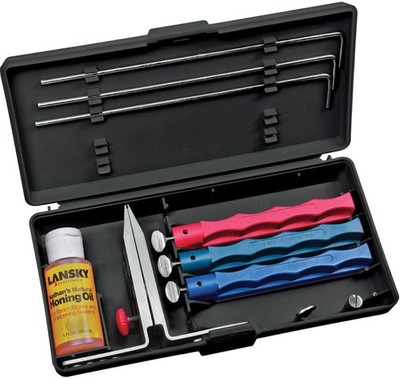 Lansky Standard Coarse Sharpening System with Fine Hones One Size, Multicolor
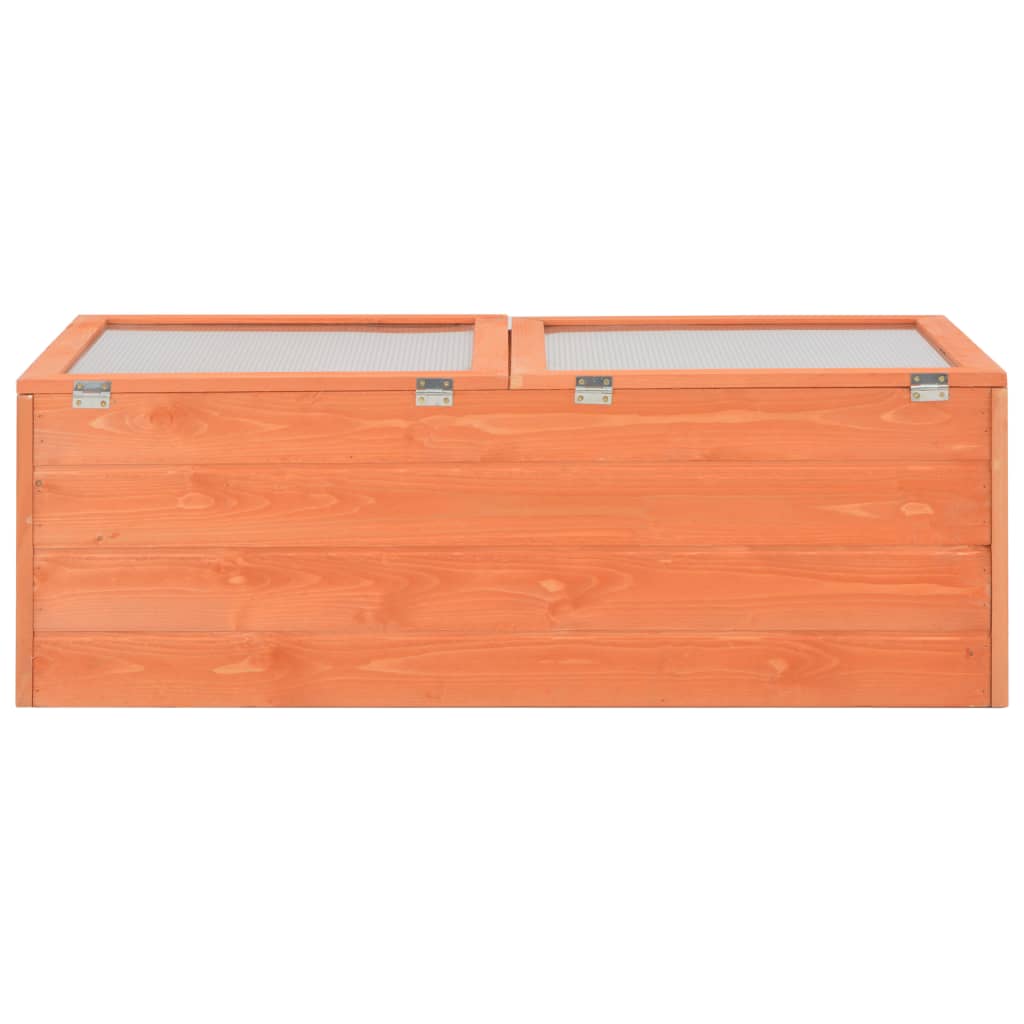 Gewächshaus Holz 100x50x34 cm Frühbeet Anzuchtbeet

* * *

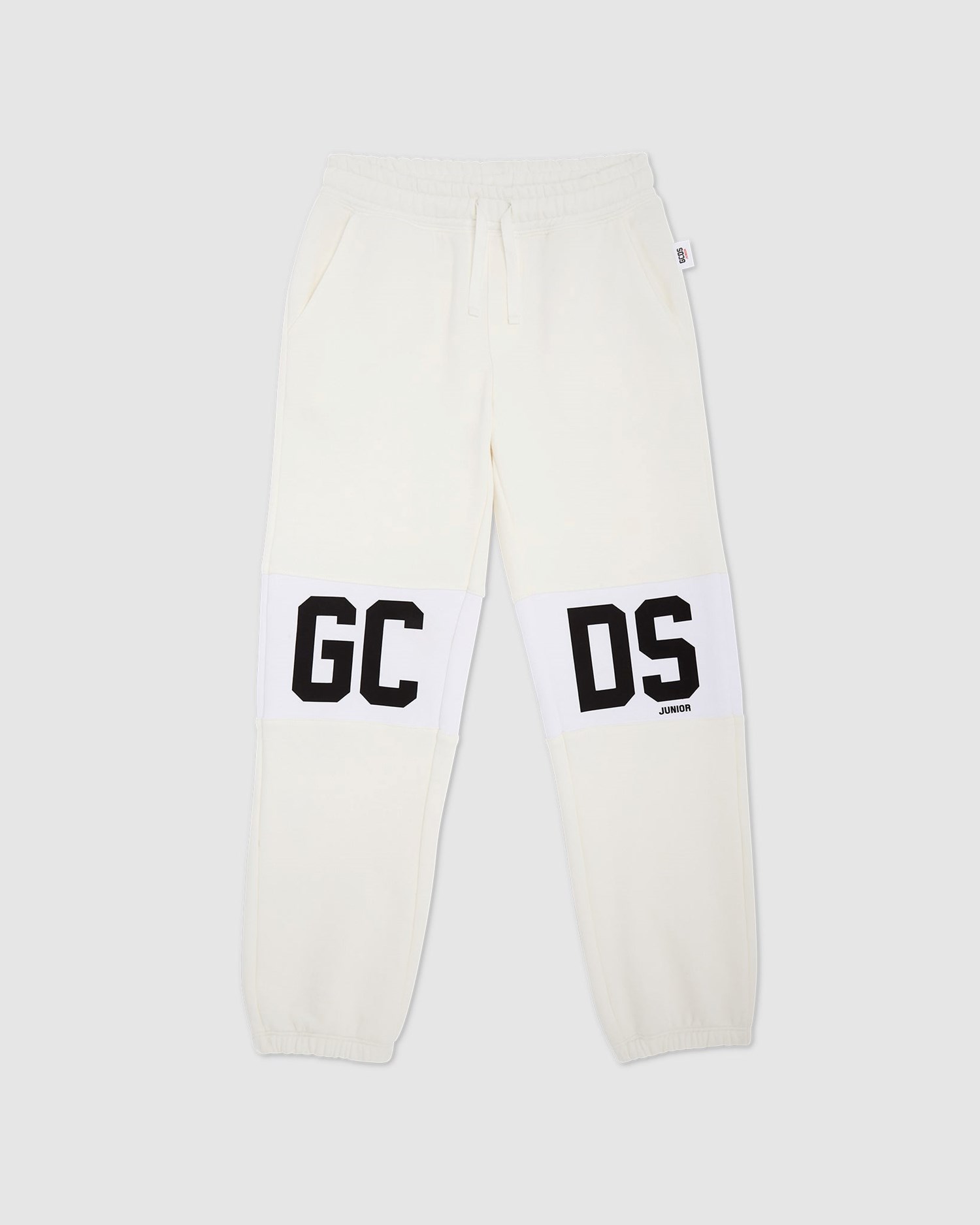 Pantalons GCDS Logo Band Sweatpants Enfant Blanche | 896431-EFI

* TASK BRIEF *
Above are some entries. Restate word for word the lines from the one holding "Lansky Standard Coarse" through the one holding "Gewächshaus Holz 100x50x34", but not the pictures.

* SOLUTION TO THIS EXERCISE *
 Lansky Standard Coarse Sharpening System with Fine Hones One Size, Multicolor
 Gewächshaus Holz 100x50x34 cm Frühbeet Anzuchtbeet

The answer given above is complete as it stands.